Dari situ, Sumarwoto kemudian mengikuti penjurusan untuk spesialisasi. Dia pun terpilih masuk sebagai penerbang fighter
(pesawat tempur). Sebuah spesialisasi yang membutuhkan kemampuan
khusus, terutama terkait dengan reaksi cepat tanggap menghadapi berbagai
keadaan.
Setelah melewati proses, pada 1991, Sumarwoto yang sudah berstatus komandan flight
mendapat tawaran untuk bertugas di IPTN. Lewat Mabes TNI-AU, perusahaan
BUMN yang bergerak di dunia penerbangan itu meminta bantuan agar
dikirim pilot TNI untuk memegang pesawat kawal uji (chasser). ’’Waktu itu, mabes mencari orang fighter yang paling pas. Ya sudah, saya akhirnya masuk,’’ ungkapnya.
Saat itu Sumarwoto belum menjadi seorang test pilot.
Untuk menjadi pilot uji, seseorang perlu tahapan khusus. Sebab, bukan
hanya kemampuan terbang prima yang dibutuhkan, tapi kemampuan analisis
terhadap problem-problem pesawat juga harus dimiliki.
Dia baru resmi menjadi test pilot
setelah lulus dalam pendidikan selama delapan bulan di National Test
Pilot School (NTPS), California. Sampai kemudian, dia dipercaya sebagai test pilot untuk N-250 ketika first flight.
”Saat itu, terus terang, rasanya bangga sekali, ibaratnya nggak makan sehari nggak apa-apa asal bisa menerbangkan pesawat kebanggaan Indonesia tersebut,” kata Sumarwoto.
Dia merasa bersyukur atas apa yang
didapatnya selama ini. Apalagi jika mengingat nasib tragis yang menimpa
rekannya, Capt Erwin. Test pilot lulusan Stuttgart, Jerman,
tersebut mengalami kecelakaan saat menjalankan tugas. Pesawat CN-235
yang sedang dia tes jatuh di Lapangan Gorda, Serang, Jawa Barat. Saat
itu dia sedang melakukan uji dropping barang.

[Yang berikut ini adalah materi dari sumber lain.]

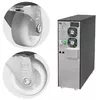 UPS QOLTEC 52283 6kVA 6000W PF 1.0 Photo 8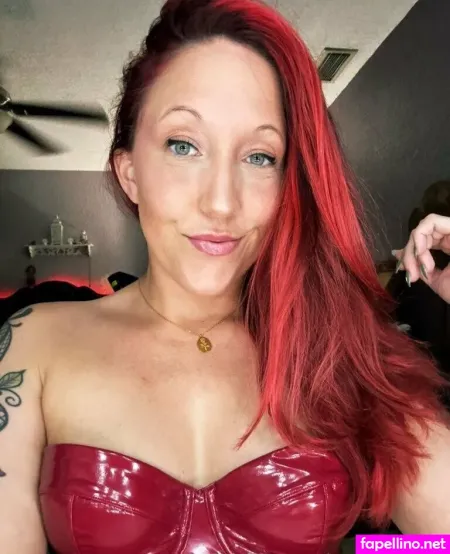 Scarlet Peach OnlyFans Thumbnail #p3hxrI5Xmy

”Alhamdulillah, sampai usia segini kemampuan terbang saya masih dibutuhkan, meski tidak untuk menjadi test pilot seperti waktu muda dulu,” kata kapten pilot yang kini sudah memasuki usia 63 tahun itu.
Lepas dari IPTN, Sumarwoto pernah
bergabung dengan sejumlah maskapai yang melayani penerbangan carter.
Mulai Deraya Airlines hingga kini di Ekspress Airlines.
”Yah, lumayan untuk tambahan-tambahan biaya kuliah anak,” tuturnya sambil tersenyum.
Dia masih menyimpan harapan bahwa suatu
hari nanti industri penerbangan tanah air bisa bangkit kembali.
Syukur-syukur, N-250 bisa dihidupkan lagi. ”Pesawat ini diyakini
teknologi dan kelayakannya masih akan bisa bersaing sampai 30 tahun
nanti,” katanya.
Dia menambahkan, saham perusahaan sebesar
Fokker yang memproduksi produk sejenis dengan N-250 langsung jatuh
ketika pesawat N-250 yang sudah menggunakan teknologi fly-by-wire itu keluar. Bahkan, tidak lama kemudian akhirnya tutup.
”Jadi, mau tidak mau memang harus ada
dukungan pemerintah karena dana yang diperlukan (untuk membangunan
IPTN/PT DI) memang tidak sedikit,” tandasnya.
Menurut dia, situasi sekarang ini sangat
memprihatinkan. Orang-orang IPTN/PT DI berkualitas yang dulu menggawangi
produksi N-250 kini telah menyebar ke mana-mana. Banyak yang akhirnya
ditampung perusahaan-perusahaan penerbangan besar seperti Airbus atau
Boeing.
”Ini
kan miris, anak-anak kita yang buat, tapi kita masih harus beli ketika mau menggunakannya,” tandas Sumarwoto.